Newcastle Under Lyme

Researchers are studying the effects of ensifentrine inhalation suspension compared to placebo in adults with non-cystic fibrosis bronchiectasis (NCFBE). The goal is to evaluate how ensifentrine affects the rate of lung flare-ups, symptoms, and quality of life in this condition. This Phase II trial is randomized, double-blind, and placebo-controlled to ensure unbiased assessment of ensifentrine's safety and effectiveness alongside standard care. Participants will be randomly assigned to receive either 3 mg of nebulized ensifentrine suspension or a placebo, both administered twice daily using a standard jet nebulizer. The treatment period will last at least 24 weeks and may continue up to 52 weeks, with neither the participants nor the study staff knowing which treatment is given. This setup helps compare ensifentrine's effects directly against placebo over an extended period.

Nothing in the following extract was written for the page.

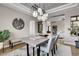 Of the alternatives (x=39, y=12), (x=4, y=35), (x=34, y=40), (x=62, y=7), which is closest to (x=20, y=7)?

During the study, participants will attend regular visits for lung function tests, symptom assessments, and quality of life evaluations. Researchers will monitor lung flare-ups defined by the need for antibiotics or antivirals over approximately 52 weeks. Safety will be closely observed, and participants' ability to use the nebulizer and provide sputum samples will be assessed. This thorough monitoring aims to gather detailed data on ensifentrine's impact on NCFBE symptoms and flare-up frequency.